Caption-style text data
BEGIN

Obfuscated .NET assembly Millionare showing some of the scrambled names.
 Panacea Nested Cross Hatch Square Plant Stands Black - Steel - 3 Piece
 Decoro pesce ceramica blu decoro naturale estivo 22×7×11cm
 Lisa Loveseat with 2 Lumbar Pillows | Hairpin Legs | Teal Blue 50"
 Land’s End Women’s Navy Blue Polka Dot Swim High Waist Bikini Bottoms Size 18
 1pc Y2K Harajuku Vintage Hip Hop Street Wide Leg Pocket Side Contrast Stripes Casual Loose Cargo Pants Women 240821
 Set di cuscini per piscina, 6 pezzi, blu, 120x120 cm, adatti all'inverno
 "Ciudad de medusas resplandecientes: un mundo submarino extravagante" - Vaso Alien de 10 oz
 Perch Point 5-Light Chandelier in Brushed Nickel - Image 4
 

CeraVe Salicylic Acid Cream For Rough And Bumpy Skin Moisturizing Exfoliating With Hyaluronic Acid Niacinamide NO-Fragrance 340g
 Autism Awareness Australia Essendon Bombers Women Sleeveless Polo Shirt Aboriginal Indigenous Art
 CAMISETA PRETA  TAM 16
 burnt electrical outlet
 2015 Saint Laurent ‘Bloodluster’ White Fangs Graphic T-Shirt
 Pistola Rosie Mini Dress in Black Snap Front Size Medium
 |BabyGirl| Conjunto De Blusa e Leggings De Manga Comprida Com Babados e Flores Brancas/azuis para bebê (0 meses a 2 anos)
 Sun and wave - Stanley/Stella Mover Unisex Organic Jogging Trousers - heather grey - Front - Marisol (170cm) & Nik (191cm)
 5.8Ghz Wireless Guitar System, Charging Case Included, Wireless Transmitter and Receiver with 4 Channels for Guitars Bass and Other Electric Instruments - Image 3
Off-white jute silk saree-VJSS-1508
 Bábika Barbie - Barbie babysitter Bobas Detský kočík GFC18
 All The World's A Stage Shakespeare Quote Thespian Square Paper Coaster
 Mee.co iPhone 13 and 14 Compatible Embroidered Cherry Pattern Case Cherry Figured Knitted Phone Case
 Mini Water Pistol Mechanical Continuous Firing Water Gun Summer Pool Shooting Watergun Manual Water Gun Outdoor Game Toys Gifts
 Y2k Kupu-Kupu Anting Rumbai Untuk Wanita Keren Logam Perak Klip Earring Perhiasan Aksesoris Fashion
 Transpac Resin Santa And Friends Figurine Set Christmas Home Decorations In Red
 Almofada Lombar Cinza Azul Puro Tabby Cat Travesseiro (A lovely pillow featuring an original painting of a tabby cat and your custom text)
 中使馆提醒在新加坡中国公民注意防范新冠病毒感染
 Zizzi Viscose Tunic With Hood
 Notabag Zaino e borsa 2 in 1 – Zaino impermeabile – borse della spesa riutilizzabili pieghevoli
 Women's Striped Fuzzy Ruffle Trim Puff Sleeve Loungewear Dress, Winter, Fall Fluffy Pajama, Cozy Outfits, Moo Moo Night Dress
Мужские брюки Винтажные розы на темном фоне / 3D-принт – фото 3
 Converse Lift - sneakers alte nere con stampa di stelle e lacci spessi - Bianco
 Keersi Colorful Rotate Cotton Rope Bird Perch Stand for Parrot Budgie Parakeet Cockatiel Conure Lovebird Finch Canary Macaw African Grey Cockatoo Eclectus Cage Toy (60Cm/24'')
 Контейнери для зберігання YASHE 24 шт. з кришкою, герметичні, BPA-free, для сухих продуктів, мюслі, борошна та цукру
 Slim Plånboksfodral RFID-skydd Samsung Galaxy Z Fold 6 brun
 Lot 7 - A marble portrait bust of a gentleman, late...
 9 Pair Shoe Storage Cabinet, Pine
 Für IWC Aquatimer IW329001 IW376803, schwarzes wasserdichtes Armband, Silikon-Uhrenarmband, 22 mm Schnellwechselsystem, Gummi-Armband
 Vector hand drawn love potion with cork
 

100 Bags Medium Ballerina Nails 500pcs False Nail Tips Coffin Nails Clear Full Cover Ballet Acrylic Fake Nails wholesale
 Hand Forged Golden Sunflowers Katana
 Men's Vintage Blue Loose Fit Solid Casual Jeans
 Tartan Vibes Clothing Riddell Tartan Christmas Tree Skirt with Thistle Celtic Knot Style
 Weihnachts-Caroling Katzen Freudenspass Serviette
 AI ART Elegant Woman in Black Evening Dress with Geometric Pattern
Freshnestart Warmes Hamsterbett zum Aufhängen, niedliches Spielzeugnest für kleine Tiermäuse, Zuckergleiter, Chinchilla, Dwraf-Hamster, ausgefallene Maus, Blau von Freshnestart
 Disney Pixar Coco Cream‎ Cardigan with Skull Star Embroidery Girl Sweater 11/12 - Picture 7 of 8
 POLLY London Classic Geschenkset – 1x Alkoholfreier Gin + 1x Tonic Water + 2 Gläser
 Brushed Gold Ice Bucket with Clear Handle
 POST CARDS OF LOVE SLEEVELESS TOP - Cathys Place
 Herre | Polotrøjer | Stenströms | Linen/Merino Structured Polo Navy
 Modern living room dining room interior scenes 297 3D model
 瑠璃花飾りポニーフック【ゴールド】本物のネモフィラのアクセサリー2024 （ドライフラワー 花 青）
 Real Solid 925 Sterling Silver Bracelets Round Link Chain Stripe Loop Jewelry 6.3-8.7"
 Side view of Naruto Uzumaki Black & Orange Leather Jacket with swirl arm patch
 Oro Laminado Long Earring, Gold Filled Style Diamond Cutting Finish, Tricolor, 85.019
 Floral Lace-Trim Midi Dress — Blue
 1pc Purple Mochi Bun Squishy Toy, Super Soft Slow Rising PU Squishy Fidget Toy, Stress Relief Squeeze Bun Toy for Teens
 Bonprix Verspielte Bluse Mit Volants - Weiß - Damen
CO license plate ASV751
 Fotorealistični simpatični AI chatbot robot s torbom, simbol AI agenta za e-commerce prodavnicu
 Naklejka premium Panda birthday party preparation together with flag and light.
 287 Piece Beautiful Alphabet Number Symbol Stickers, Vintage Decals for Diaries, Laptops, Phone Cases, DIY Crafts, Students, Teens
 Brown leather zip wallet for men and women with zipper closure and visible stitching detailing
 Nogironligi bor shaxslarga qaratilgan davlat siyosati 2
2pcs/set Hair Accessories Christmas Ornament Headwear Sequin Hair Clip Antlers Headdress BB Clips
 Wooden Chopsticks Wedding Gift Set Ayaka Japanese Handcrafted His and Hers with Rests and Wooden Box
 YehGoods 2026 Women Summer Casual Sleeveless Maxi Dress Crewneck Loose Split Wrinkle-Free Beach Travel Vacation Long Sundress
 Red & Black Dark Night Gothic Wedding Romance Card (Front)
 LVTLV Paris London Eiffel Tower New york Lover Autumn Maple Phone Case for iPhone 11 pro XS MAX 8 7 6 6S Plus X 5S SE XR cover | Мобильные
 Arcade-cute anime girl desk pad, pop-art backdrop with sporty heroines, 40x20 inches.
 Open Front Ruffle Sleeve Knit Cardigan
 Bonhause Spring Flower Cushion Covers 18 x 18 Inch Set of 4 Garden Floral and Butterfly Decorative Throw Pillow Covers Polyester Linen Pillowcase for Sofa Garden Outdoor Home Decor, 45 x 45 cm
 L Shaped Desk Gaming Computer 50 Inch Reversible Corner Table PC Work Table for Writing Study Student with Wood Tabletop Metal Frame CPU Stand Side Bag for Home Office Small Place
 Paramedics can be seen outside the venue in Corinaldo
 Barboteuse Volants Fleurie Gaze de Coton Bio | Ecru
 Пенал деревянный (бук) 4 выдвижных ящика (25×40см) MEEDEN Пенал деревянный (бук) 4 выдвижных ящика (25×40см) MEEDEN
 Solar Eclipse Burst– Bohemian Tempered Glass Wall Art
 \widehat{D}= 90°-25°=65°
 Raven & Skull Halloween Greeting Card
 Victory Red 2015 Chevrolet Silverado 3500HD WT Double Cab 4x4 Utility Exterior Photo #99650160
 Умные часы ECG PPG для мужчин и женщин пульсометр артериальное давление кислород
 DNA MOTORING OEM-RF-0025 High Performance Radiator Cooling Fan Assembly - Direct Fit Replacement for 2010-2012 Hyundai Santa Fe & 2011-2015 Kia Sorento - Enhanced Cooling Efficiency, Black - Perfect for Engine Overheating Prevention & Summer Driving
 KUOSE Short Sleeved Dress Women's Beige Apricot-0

END

Assignment: The entries above hold the needed span. Transcribe exactly the lines from the one with "CO license plate ASV751" to the one with "YehGoods 2026 Women", both included.

Output for this exercise:
CO license plate ASV751
 Fotorealistični simpatični AI chatbot robot s torbom, simbol AI agenta za e-commerce prodavnicu
 Naklejka premium Panda birthday party preparation together with flag and light.
 287 Piece Beautiful Alphabet Number Symbol Stickers, Vintage Decals for Diaries, Laptops, Phone Cases, DIY Crafts, Students, Teens
 Brown leather zip wallet for men and women with zipper closure and visible stitching detailing
 Nogironligi bor shaxslarga qaratilgan davlat siyosati 2
2pcs/set Hair Accessories Christmas Ornament Headwear Sequin Hair Clip Antlers Headdress BB Clips
 Wooden Chopsticks Wedding Gift Set Ayaka Japanese Handcrafted His and Hers with Rests and Wooden Box
 YehGoods 2026 Women Summer Casual Sleeveless Maxi Dress Crewneck Loose Split Wrinkle-Free Beach Travel Vacation Long Sundress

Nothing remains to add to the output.